On 05.12.18 01:26, Dan Williams wrote:
> On Tue, Dec 4, 2018 at 4:01 PM Alexander Duyck
> <alexander.h.duyck@linux.intel.com> wrote:
>>
>> On Tue, 2018-12-04 at 18:24 -0500, Barret Rhoden wrote:
>>> Hi -
>>>
>>> On 2018-12-04 at 14:51 Alexander Duyck
>>> <alexander.h.duyck@linux.intel.com> wrote:
>>>
>>> [snip]
>>>
>>>>> I think the confusion arises from the fact that there are a few MMIO
>>>>> resources with a struct page and all the rest MMIO resources without.
>>>>> The problem comes from the coarse definition of pfn_valid(), it may
>>>>> return 'true' for things that are not System-RAM, because pfn_valid()
>>>>> may be something as simplistic as a single "address < X" check. Then
>>>>> PageReserved is a fallback to clarify the pfn_valid() result. The
>>>>> typical case is that MMIO space is not caught up in this linear map
>>>>> confusion.
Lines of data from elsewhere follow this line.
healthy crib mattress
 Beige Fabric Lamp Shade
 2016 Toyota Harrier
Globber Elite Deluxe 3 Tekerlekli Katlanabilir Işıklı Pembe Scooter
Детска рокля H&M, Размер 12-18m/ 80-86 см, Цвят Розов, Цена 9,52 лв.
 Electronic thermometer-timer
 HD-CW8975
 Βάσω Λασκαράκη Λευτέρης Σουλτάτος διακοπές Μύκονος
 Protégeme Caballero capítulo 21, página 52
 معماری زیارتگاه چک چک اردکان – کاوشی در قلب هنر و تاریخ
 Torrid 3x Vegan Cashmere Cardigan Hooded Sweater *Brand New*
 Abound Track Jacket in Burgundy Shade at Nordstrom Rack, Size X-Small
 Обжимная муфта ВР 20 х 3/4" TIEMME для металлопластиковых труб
An MMIO address may or may not have an associated 'struct
>>>>> page' and in most cases it does not.
>>>>
>>>> Okay. I think I understand this somewhat now. So the page might be
>>>> physically there, but with the reserved bit it is not supposed to be
>>>> touched.
>>>>
>>>> My main concern with just dropping the bit is that we start seeing some
>>>> other uses that I was not certain what the impact would be. For example
>>>> the functions like kvm_set_pfn_accessed start going in and manipulating
>>>> things that I am not sure should be messed with for a DAX page.
>>>
>>> One thing regarding the accessed and dirty bits is that we might want
>>> to have DAX pages marked dirty/accessed, even if we can't LRU-reclaim
>>> or swap them.  I don't have a real example and I'm fairly ignorant
>>> about the specifics here.  But one possibility would be using the A/D
>>> bits to detect changes to a guest's memory for VM migration.  Maybe
>>> there would be issues with KSM too.
>>>
>>> Barret
>>
>> I get that, but the issue is that the code associated with those bits
>> currently assumes you are working with either an anonymous swap backed
>> page or a page cache page. We should really be updating that logic now,
>> and then enabling DAX to access it rather than trying to do things the
>> other way around which is how this feels.
> 
> Agree. I understand the concern about unintended side effects of
> dropping PageReserved for dax pages, but they simply don't fit the
> definition of the intended use of PageReserved. We've already had
> fallout from legacy code paths doing the wrong thing with dax pages
> where PageReserved wouldn't have helped. For example, see commit
> 6e2608dfd934 "xfs, dax: introduce xfs_dax_aops", or commit
> 6100e34b2526 "mm, memory_failure: Teach memory_failure() about
> dev_pagemap pages". So formerly teaching kvm about these page
> semantics and dropping the reliance on a side effect of PageReserved()
> seems the right direction.
> 
> That said, for mark_page_accessed(), it does not look like it will
> have any effect on dax pages. PageLRU will be false,
> __lru_cache_activate_page() will not find a page on a percpu pagevec,
> and workingset_activation() won't find an associated memcg. I would
> not be surprised if mark_page_accessed() is already being called today
> via the ext4 + dax use case.
> 

I agree to what Dan says here. I'd vote for getting rid of the
PageReserved bit for these pages and rather fixing the fallout from that
(if any, I also doubt that there will be much). One thing I already
mentioned in another thread is hindering hibernation code from touching
ZONE_DEVICE memory is one thing to take care of.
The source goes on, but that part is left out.